A vedere l’imponente manifestazione del 16 giugno (si parla di un milione di persone) si direbbe che in questo paese il movimento GLBTQ sia rimasto l’unico a lottare per la laicità dello stato.

Si è trattato di un Pride completamente diverso da quello dell’anno scorso a Torino e lo è stato per una ragione molto semplice; mentre l’anno scorso c’erano grandi aspettative nei confronti del centro sinistra, c’era entusiasmo e voglia di partecipare attivamente al cambiamento che la sinistra avrebbe dovuto compiere, quest’anno, dopo la scottante delusione di una politica troppo timida, incurante delle richieste dei movimenti e molto, molto ipocrita, il popolo GLBTQ ha deciso di andare contro e non ha voluto politici facendo così nascere, senza bisogno di simboli e/o annunci ad effetto, un nuovo soggetto politico. Quello che sceglie la piazza e la gente, quello che sta dalla parte delle donne, del popolo trasgender che chiede rispetto, lavoro e diritto alla propria identità, quello degli emarginati che hanno il coraggio di mostrarsi al mondo per quello che sono senza bisogno di nascondersi o di mentire per accontentare i benpensanti.

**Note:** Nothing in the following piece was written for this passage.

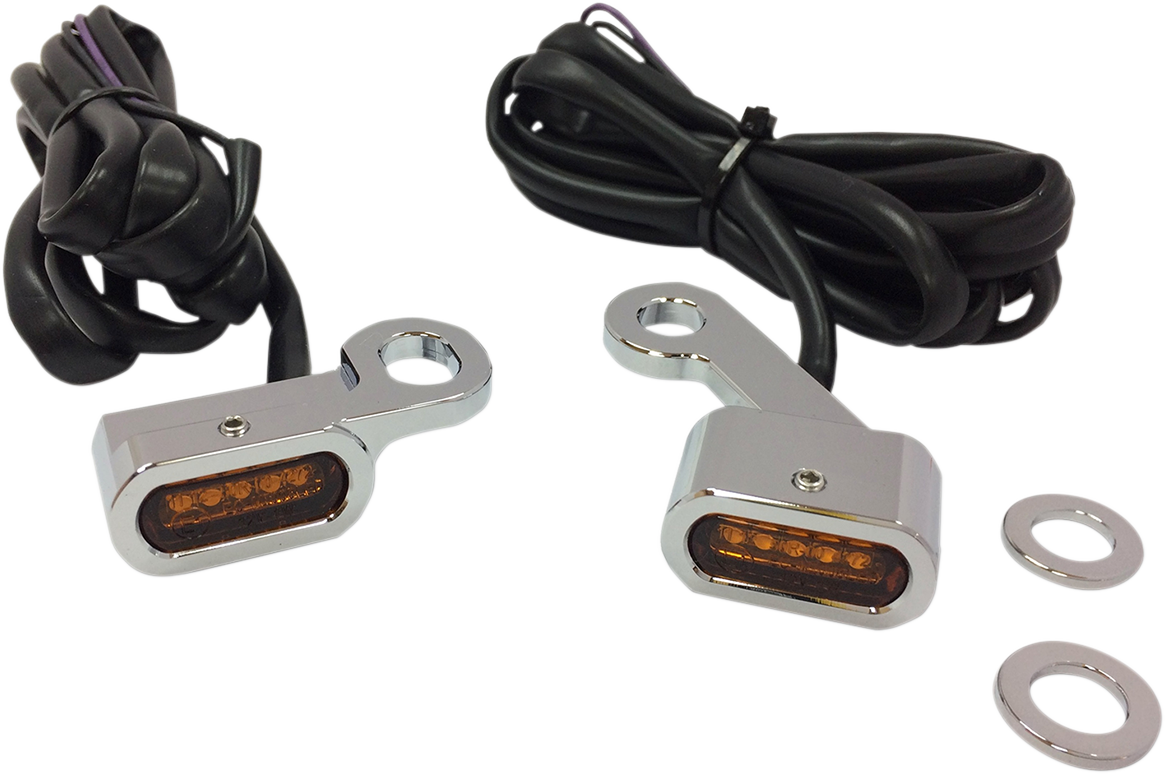 LED Handlebar Marker Lights - XL - Chrome/Amber 2014 - 2022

Un popolo in movimento, allegro, colorato, bellissimo, alla ricerca del proprio posto per ribadire la propria esistenza e i propri diritti. Gente diversa, molto diversa, ognuno con la propria identità ma unita dal desiderio comune di appartenere ad una società che, quando parla di noi, si tura il naso con sufficienza e ci considera dei diversi o dei malati. Cartelli, slogan, tanta, tantissima musica, bambini, qualche etero, carri ma anche una politica sottile ed ironica che prende di mira un vaticano sempre più prepotente, razzista e omofobo, un mondo tutto maschile che lancia anatemi e che riempie la testa della gente con pregiudizi e stereotipi, un fiume di persone che pretendono rispetto che dicono basta a Prodi e a Berlusconi simboli di un’italietta vecchia, piena di politici corrotti e indagati che portano avanti una politica del più forte.

Chiedono diritti i gay e le lesbiche, i transgeder, i bisex, chiedono di non essere discriminati, chiedono che ci sia una legge che li difenda dalla violenza intollerante della destra e della chiesa. Chiedono diritti che serviranno a tutti, anche ai figli di coloro che sono scesi in piazza per il Famili day. E nascono naturali i paragoni fra una piazza oscurantista, medievalista e molto triste e una piazza viva, festosa e arrabbiata. Una piazza che pensa che la diversità sia fonte di crescita e confronto e non di ambiguità e decadenza.

Naturalmente i mass media hanno dato molta più rilevanza alla piazza del vaticano piuttosto che a quella dei diritti umani e questo atteggiamento la dice lunga su come l’informazione sia schiava del potere politico e religioso. Ridicole inoltre le dichiarazioni dei politici, ogni anno le stesse, sempre uguali, ripetitive. Secondo questa gente il milione di persone che sono scese in piazza contro i Dico meritano attenzione mentre il milione di persone che sono scese in piazza per chiedere leggi e diritti non vanno prese in considerazione. Questo paese è sempre più lontano dai paesi europei che, in modo sereno e senza polemiche, hanno dato a tutti e a tutte i cittadini e le cittadine, a prescindere dall’identità sessuale, diritti e leggi ed è sempre più uguale a quei paesi dell’est Europa che impediscono il normale svolgimento di manifestazioni omosessuali e che inorridiscono davanti alla richiesta di diritti con la benedizione della chiesa che giustifica e/o tace davanti a ogni tipo di violenza.

Ieri abbiamo dato un segno di civiltà, abbiamo spianato la strada per la richiesta di diritti, abbiamo urlato a squarciagola: Laicità, Dignità e Diritti!